The publication, last year, of the fourth and final book in Caimh McDonnell’s Dublin “trilogy” (!) is an invitation  to (re-) discover this recent series of Irish crime novels:

              A Man With One of Those Faces (The Dublin Trilogy Book 1), McFori Ink, 2016

             The Day That Never Comes (The Dublin Trilogy Book 2),  McFori Ink, 2017

            Angels in the Moonlight    (The Dublin Trilogy Prequel, Book 0), McFori Ink,  2017

           Last Orders (The Dublin Trilogy Book 3), McFori Ink, 2018

A brilliant example of the “delicate infractions”  characteristic of Crime Fiction’s tendency (according to Borges) to blur generic demarcations,  this series could aptly be described as “Craic Noir”.  It has justly been praised  both for bringing Irish Noir to an entirely new level of humor, and for putting some Dublin “craic” in the crime genre.

The author is the award-winning stand-up comedian and TV writer Caimh McDonnell : check his Official website here :  WhiteHairedIrishman.com

Here is the blurb from the second book in the series, The Day That Never Comes: 

Remember those people that destroyed the economy and then cruised off on their yachts? Well guess what – someone is killing them.  Dublin is in the middle of a heat wave and tempers are running high.
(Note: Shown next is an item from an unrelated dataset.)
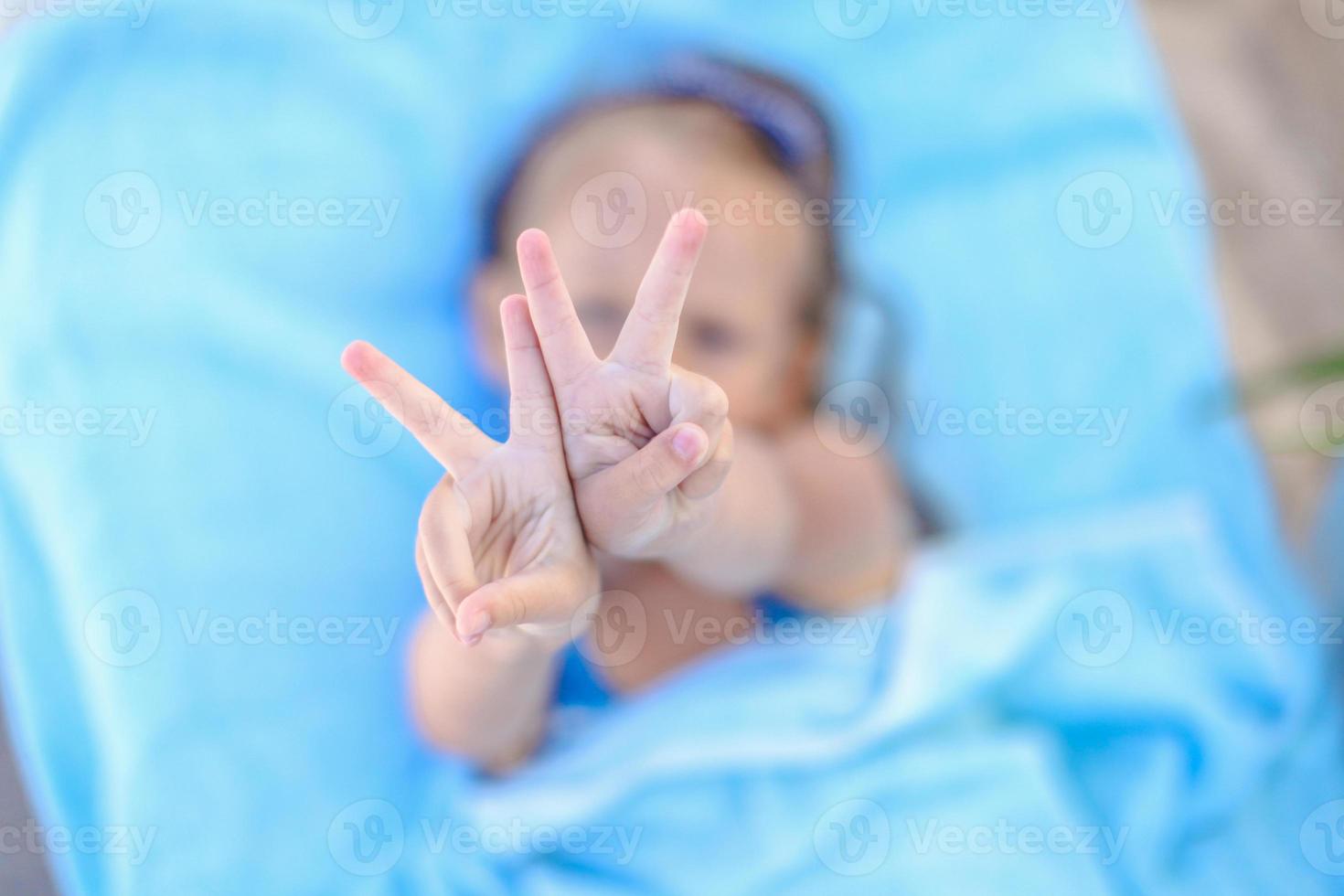 niña mostrando los pulgares hacia arriba al aire libre foto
The Celtic Tiger is well and truly dead, activists have taken over the headquarters of a failed bank, the trial of three unscrupulous property developers teeters on the brink of collapse, and in the midst of all this, along comes a mysterious organisation hell-bent on exacting bloody vengeance in the name of the little guy.  Paul Mulchrone doesn’t care about any of this; he has problems of his own. His newly established detective agency is about to be DOA. One of his partners won’t talk to him for very good reasons and the other has seemingly disappeared off the face of the earth for no reason at all. Can he hold it together long enough to figure out what Bunny McGarry’s colourful past has to do with his present absence?  When the law and justice no longer mean the same thing, on which side will you stand?  The Day That Never Comes is the second book in Caimh McDonnell’s Dublin Trilogy, which melds fast-paced action with a distinctly Irish acerbic wit.